Compliance Tips For Canberra Employers
There’s no one-size-fits-all approach, but these practical steps will keep you on the front foot.
- Map Your Coverage: Confirm if your business sits in the standard private-sector framework or within a portable long service leave industry in the ACT.
- Audit Payroll: Check accrual settings and averaging rules a few times a year, especially after enterprise agreement changes or award updates.
- Update Contracts Promptly: When a role changes, issue a fresh Employment Contract or variation letter so the paper trail reflects the reality of the job.
- Keep Communication Clear: Publish an internal guide or policy for long service leave requests so your team knows what to expect.
- Plan For Cash Flow: If a long-serving employee signals they’ll take leave, factor the cost into your cash flow and staffing roster early.
- Get Help When It’s Complex: Transfers of business, portable scheme obligations, and award interactions can be tricky - it’s worth speaking with an employment expert before you act.
How Canberra’s Rules Interact With Awards, Agreements And The Fair Work System
As an ACT employer, you sit within the national workplace relations system (Fair Work), but your long service leave obligations primarily come from ACT legislation unless an award or enterprise agreement provides a more beneficial entitlement.

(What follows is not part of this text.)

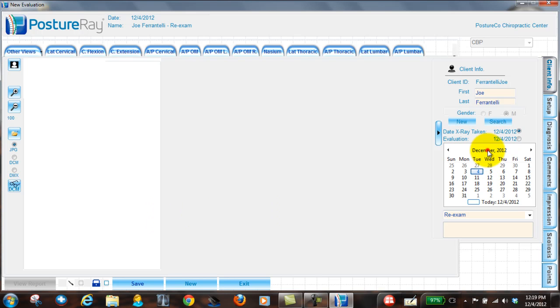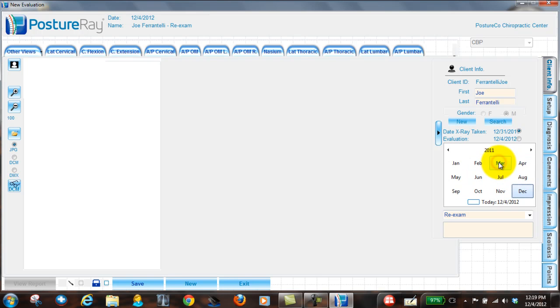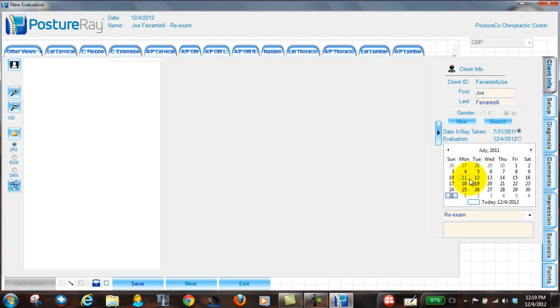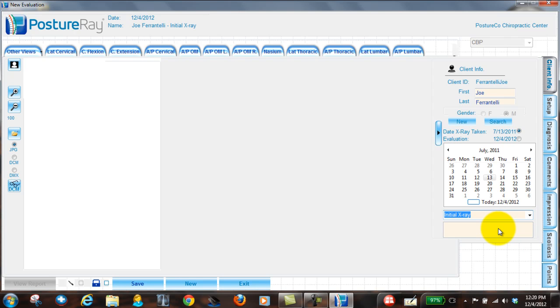The date on this film, we're going to say it's July of 2011, and I want to say it was the 13th. Now what type of exam do we want to say? I'm just going to say it's an initial X-ray. What date is the exam that we would want to do? Is it going to be the same date of service or are these overreads or are you going back and doing them?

Practically, this means:
- Start with the ACT long service leave rules as your baseline.
- Check the applicable award or enterprise agreement for any more generous provisions.
- Ensure your contracts and policies don’t undercut the minimums (if they do, they won’t be enforceable).
When in doubt, pay the more beneficial entitlement and document the basis for your decision. Keeping that paper trail reduces disputes and makes any future audit much easier.
Real-World Scenarios Canberra Employers Face
A Long-Serving Casual Converts To Part-Time
You’ll need to review their earlier casual service to work out whether it counts as continuous service, then apply the ACT rules (and any award) for averaging the rate when they eventually take long service leave. Make sure the conversion is captured in a fresh Employment Contract so your records line up.
Employee Resigns After A Long Tenure
Confirm whether a pro-rata payout is triggered, calculate the correct amount for inclusion in final pay, and keep a note on file referencing the award clause or ACT provision you relied upon. If you need a refresher on how this can work in practice, we’ve covered common considerations around payouts on resignation.
Buying A Canberra Business
Build long service leave into your due diligence and sale contract. Decide whether you will recognise prior service and, if so, price the accrued liability into the deal. You’ll also want a plan for transferring long service leave and onboarding records, especially if you’re moving to a new payroll system.
Key Takeaways
- In Canberra, long service leave is governed by ACT legislation, alongside any applicable award, enterprise agreement or contract that offers more generous terms.
- Some ACT industries use portable long service leave, which changes how you record and report service - confirm whether your business is covered.
- Have clear processes for requests, eligibility checks, pay rate calculations and record-keeping to reduce mistakes and disputes.
- Build long service leave into offboarding, including whether a pro-rata entitlement is due on exit and how it’s included in final pay.
- Keep your Employment Contract and Workplace Policy up to date so they reflect ACT minimums and any award or agreement obligations.
- Complex scenarios - like parental leave, transfers of business, and award interactions - are worth sanity-checking with an expert before you act.